» **WHAT THE EXERCISE ASKS**
Exclude pictures and give again exactly the lines of the listing, beginning with its first line and ending with the one that contains "Not A Dachshund".
*** Begin section ***
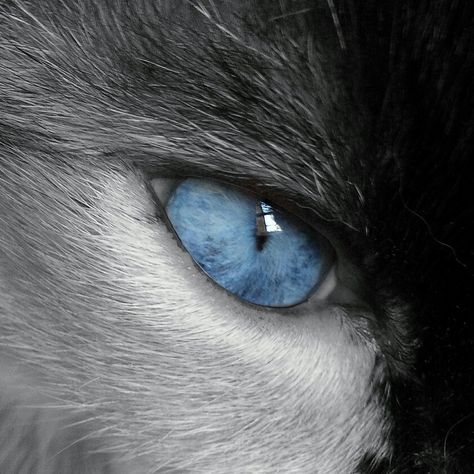 Blue Werewolf Eyes, Blue Eyed Wolf, White Wolf Aesthetic Blue Eyes, Wolf Icon, Blue Eyes Aesthetic, Wolf With Blue Eyes, White Wolf With Blue Eyes, Lup Singuratic, Demon Wolf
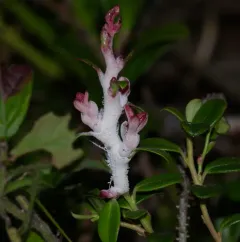 Lingonberry Gall thumbnail 2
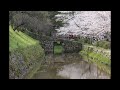 秋月～桜 ( SAKURAドロップス / 宇多田ヒカル)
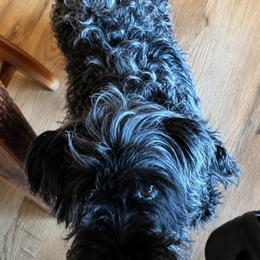 Not A Dachshund Purebred Miniature Schnauzer - Black female Dachshund puppy in Michigan from Amberly's Dachshunds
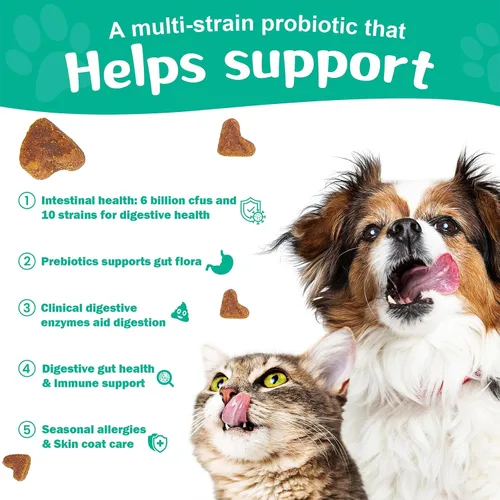 Vista 3 de BIGHERO Probióticos para perros - Probióticos para perros con prebióticos y enzimas digestivas, apoyo a la salud intestinal, salud digestiva e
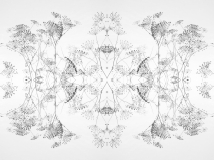 Lever Françoise, Berce du Caucase miroir, monochrome, nature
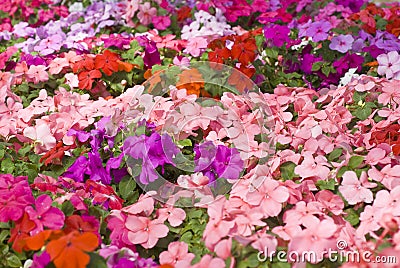 Colorful Impatiens Flowers Stock Photo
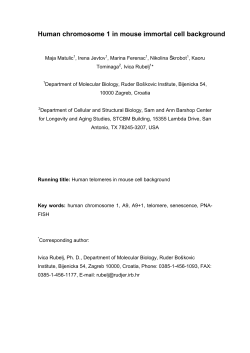 Human chromosome 1 in mouse immortal cell background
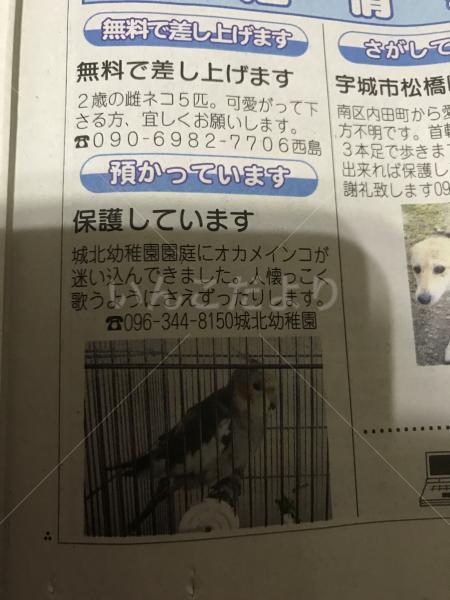 コメントの画像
*** End section ***
» **WRITTEN REPLY**
 Blue Werewolf Eyes, Blue Eyed Wolf, White Wolf Aesthetic Blue Eyes, Wolf Icon, Blue Eyes Aesthetic, Wolf With Blue Eyes, White Wolf With Blue Eyes, Lup Singuratic, Demon Wolf
 Lingonberry Gall thumbnail 2
 秋月～桜 ( SAKURAドロップス / 宇多田ヒカル)
 Not A Dachshund Purebred Miniature Schnauzer - Black female Dachshund puppy in Michigan from Amberly's Dachshunds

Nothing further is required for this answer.